Dan dan_ust at yahoo.com
Thu Jun 11 19:05:27 UTC 2009

--- On Thu, 6/11/09, Stefano Vaj <stefano.vaj at gmail.com> wrote:
> On Thu, Jun 11, 2009 at 6:47 PM, Dan<dan_ust at yahoo.com>
> wrote:
> > All of this depends on what you mean by the particular
> creed.  I offered up earlier that maybe accepting the
> Nicene Creed defined someone as Christian.  The Nicene
> Creed is silent on observing fasts, birth control (and the
> Biblical textual support here is a bit thin too, IIRC), and
> many other things that people interpret as being essential
> to being a Christian.
> Why, let me see:
> - "And I believe in the Holy Ghost, who spake by the
> prophets" (Holy
> Scriptures are therefore authoritative)
> - "And I believe in the holy, catholic and apostolic
> Church" (the
> Catholic tradition as interpreted and preached by the
> Church must
> therefore also be believed; even though it may include
> things which
> are not per se articles of faith, if you refuse this
> teaching you are
> not a christian as per the Nicene Creed).

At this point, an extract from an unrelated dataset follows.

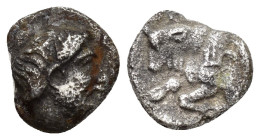 SATRAPS of CARIA. Hekatomnos. Circa 392/1-377/6 BC. AR Diobol (10mm, 1.4 g). Mylasa mint. Bearded head of Hekatomnos right / Forepart of bull left; E ...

Okay, then, yes, some form of scriptural holiness must ensue from accepting that Creed.  It still allows some wiggle room, don't you think?

(But, still, is the Nicene Creed the definition of Christian belief?  What if it's the Apostle's Creed or some other confession or creed?)

Also, there's nothing in that creed about birth control and fasts.
> Of course, nothing prevents me from calling myself a
> Christian even
> though I believe that the Divine Persons are actually five,
> the
> Father, the Son, the Holy Ghost, Chairman Mao and Donna
> Summer.

That's not what I meant, though some scholars like Bart Ehrman make a good case that Christianity was a much broader movement in its first two or three centuries of existence.  Moreover, we were discussing, of course, our contemporaries who call themselves Christians.  It still comes down to how to define Christian (or Jew or Muslim) -- and what conclusions can be drawn therein.